--- START ---

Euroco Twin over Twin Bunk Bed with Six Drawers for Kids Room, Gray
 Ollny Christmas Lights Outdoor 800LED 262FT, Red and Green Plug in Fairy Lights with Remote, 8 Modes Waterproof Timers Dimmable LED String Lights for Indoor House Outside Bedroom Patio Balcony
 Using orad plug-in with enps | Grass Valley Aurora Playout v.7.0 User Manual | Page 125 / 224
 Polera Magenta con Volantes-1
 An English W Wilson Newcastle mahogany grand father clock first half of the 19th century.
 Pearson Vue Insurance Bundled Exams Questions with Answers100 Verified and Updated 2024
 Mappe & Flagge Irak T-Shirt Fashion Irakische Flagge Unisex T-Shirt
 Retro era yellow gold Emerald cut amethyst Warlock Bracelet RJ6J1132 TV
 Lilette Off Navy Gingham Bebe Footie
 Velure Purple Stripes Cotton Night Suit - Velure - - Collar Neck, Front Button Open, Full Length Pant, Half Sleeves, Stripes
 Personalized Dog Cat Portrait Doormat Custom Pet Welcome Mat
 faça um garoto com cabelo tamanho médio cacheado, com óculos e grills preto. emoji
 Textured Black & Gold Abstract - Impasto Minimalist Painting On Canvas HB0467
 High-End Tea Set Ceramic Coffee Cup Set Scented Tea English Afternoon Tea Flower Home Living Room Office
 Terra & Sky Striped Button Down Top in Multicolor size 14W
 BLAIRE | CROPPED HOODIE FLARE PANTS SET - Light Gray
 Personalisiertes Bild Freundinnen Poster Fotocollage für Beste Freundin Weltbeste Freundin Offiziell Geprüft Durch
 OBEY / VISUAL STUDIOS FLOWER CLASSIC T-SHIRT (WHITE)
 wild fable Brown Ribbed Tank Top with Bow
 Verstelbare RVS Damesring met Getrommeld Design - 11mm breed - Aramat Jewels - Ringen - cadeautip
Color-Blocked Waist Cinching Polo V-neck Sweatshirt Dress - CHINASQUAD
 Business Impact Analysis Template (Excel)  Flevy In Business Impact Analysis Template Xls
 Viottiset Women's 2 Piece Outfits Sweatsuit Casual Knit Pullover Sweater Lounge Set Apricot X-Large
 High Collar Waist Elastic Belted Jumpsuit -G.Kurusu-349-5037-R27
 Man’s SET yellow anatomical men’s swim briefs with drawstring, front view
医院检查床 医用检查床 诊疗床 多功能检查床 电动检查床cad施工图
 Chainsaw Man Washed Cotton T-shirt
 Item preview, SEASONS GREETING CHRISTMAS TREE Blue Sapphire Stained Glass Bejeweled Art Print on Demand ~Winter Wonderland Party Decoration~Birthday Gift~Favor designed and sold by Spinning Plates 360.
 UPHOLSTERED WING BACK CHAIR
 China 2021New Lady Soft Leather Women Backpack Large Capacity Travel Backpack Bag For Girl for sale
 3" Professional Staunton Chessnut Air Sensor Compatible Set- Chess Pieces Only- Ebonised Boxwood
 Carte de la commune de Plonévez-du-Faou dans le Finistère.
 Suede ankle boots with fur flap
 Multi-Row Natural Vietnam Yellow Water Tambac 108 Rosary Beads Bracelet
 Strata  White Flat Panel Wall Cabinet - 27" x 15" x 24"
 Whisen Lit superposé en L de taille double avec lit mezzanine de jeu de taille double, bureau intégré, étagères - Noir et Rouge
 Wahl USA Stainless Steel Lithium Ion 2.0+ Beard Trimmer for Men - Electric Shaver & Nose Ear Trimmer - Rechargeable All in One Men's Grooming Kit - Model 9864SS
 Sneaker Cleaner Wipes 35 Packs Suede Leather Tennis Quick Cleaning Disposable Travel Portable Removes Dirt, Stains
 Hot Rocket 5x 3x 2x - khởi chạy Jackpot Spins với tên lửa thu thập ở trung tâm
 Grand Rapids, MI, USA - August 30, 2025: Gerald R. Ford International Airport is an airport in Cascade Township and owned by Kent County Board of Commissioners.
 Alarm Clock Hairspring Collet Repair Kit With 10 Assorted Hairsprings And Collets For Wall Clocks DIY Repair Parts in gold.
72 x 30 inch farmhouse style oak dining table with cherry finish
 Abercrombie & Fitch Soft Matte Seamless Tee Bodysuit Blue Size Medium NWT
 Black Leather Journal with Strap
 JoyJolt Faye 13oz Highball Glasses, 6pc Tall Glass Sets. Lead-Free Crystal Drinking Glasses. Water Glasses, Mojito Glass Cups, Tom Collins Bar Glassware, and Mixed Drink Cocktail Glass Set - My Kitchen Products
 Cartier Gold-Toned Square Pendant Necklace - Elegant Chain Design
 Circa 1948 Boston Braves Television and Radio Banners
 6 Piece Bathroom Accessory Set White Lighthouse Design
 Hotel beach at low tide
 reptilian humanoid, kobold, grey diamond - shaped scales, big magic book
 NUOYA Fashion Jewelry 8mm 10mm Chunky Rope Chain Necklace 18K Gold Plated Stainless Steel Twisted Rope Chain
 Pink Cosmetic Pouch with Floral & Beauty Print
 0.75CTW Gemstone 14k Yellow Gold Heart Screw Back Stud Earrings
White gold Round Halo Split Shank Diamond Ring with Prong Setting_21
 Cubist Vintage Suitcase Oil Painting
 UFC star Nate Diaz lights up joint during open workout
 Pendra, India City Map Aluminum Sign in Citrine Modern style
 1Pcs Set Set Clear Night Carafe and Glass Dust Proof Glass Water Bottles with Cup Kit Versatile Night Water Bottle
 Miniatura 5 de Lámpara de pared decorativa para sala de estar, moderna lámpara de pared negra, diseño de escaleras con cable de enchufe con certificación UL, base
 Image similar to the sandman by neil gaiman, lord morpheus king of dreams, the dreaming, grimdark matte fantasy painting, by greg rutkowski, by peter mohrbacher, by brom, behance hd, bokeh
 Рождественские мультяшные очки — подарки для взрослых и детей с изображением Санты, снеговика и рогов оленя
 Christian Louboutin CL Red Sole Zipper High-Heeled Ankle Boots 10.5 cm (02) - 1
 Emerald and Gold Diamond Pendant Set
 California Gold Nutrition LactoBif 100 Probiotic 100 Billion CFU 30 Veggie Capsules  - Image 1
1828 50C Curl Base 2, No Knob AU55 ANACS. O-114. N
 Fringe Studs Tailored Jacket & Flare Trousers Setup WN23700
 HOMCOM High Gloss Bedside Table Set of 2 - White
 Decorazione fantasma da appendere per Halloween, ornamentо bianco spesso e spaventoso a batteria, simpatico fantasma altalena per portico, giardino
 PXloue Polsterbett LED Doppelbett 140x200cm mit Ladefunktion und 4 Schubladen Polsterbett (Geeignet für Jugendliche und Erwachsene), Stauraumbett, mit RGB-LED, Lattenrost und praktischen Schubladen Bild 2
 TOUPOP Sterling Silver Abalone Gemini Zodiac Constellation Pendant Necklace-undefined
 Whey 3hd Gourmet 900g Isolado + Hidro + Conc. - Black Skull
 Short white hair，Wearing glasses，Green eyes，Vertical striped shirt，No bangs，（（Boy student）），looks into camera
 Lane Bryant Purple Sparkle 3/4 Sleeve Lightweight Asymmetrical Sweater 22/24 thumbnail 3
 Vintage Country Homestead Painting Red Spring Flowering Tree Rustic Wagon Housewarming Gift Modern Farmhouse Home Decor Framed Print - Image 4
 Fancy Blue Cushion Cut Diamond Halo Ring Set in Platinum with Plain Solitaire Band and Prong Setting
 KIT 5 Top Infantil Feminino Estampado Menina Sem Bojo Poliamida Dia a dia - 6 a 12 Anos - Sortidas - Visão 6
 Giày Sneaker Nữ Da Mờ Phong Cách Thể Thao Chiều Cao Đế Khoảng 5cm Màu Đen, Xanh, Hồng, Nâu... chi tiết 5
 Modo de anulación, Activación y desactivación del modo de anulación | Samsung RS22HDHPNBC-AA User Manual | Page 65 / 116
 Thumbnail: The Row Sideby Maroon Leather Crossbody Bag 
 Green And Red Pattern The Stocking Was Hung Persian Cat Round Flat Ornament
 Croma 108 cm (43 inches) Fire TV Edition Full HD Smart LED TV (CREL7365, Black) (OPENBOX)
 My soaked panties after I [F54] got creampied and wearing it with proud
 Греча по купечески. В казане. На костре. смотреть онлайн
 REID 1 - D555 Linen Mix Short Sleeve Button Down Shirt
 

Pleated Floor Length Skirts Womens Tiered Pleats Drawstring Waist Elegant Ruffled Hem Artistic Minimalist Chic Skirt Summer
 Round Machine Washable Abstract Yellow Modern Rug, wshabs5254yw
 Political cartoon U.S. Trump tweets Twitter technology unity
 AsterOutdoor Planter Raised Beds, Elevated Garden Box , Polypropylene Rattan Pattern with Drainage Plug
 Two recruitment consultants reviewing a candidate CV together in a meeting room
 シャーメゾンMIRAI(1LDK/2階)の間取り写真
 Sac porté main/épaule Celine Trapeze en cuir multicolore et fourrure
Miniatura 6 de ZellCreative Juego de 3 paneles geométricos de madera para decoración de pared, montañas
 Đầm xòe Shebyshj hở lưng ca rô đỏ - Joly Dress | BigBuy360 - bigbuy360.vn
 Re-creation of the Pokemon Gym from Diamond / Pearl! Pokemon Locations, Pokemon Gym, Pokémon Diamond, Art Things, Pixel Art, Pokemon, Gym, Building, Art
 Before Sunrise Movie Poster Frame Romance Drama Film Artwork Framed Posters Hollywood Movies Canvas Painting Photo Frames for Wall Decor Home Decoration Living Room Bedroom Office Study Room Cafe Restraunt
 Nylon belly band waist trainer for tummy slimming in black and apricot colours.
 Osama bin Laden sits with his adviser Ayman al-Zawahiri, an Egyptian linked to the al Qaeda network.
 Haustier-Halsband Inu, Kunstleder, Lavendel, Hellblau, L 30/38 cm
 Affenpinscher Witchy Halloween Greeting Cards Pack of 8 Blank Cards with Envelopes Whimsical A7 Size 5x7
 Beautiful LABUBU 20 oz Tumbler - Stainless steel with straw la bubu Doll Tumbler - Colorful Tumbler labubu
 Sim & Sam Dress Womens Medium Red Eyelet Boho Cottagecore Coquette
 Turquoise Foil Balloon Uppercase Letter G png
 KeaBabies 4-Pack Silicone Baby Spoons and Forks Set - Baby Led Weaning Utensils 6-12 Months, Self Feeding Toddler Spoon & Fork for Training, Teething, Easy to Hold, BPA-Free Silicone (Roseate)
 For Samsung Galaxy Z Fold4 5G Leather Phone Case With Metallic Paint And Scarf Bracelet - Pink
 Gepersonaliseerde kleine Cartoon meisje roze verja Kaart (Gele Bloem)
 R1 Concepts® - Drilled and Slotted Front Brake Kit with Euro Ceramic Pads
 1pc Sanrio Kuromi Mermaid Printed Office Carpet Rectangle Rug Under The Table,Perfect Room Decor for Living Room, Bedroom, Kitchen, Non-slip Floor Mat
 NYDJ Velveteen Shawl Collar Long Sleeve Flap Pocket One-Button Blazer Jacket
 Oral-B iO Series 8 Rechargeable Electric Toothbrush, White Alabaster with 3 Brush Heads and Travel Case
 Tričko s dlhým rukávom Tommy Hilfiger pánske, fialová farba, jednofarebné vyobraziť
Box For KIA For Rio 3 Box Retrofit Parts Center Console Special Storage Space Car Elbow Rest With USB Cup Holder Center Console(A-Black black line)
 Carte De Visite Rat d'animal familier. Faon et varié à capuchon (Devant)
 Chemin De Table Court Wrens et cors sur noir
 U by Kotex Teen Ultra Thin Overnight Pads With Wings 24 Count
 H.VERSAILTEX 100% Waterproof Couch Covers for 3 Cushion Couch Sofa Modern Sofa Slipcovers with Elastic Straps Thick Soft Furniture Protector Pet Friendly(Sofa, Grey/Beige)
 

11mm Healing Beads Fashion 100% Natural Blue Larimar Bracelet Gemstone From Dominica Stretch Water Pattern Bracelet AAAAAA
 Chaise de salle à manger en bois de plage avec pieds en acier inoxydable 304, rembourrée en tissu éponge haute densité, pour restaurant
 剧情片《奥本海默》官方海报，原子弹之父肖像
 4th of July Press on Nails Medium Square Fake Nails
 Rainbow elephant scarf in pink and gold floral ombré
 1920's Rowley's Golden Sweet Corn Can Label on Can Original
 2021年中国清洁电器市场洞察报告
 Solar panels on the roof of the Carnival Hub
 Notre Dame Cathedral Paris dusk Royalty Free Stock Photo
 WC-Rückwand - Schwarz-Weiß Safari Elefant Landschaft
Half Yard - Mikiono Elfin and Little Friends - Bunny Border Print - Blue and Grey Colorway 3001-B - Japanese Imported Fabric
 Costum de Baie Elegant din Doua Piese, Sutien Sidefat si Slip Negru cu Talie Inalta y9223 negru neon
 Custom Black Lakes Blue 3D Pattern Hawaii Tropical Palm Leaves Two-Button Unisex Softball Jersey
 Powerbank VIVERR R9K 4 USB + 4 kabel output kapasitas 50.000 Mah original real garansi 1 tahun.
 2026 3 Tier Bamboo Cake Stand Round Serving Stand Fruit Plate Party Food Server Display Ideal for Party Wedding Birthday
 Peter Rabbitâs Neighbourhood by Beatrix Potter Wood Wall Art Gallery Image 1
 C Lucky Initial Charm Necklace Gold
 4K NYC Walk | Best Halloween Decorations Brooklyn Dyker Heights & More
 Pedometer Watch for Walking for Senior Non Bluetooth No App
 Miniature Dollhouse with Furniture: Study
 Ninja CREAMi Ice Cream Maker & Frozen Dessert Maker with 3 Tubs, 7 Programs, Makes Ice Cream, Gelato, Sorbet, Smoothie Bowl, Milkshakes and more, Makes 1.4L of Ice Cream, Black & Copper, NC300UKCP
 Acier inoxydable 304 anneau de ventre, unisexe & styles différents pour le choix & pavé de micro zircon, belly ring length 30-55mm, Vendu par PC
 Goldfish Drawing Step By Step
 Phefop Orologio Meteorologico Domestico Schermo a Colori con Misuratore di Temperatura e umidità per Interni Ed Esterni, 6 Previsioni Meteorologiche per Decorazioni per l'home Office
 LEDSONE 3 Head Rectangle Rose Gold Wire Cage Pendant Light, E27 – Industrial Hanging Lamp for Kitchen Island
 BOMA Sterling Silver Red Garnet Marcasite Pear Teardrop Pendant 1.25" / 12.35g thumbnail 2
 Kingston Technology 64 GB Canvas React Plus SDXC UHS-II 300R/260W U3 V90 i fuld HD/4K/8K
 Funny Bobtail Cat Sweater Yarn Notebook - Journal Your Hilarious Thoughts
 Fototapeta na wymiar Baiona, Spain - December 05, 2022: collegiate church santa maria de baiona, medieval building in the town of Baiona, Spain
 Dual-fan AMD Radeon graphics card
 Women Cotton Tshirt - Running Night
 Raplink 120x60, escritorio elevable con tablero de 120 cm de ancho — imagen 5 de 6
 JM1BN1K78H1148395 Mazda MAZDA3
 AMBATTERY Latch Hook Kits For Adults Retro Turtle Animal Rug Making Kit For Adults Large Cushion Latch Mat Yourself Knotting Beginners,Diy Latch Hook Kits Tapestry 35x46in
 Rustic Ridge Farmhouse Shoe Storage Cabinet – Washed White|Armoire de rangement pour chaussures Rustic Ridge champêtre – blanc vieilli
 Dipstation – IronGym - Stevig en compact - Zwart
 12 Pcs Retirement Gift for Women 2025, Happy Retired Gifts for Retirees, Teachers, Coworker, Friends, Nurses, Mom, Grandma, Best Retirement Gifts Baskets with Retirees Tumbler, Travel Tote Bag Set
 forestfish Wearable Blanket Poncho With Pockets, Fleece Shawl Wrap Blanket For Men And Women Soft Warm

--- END ---

■ **WORK TO BE COMPLETED**
Every line that contains the string "Cabinet" should be returned from the data.

■ **SOLUTION TO THIS PROBLEM**
 Strata  White Flat Panel Wall Cabinet - 27" x 15" x 24"
 Rustic Ridge Farmhouse Shoe Storage Cabinet – Washed White|Armoire de rangement pour chaussures Rustic Ridge champêtre – blanc vieilli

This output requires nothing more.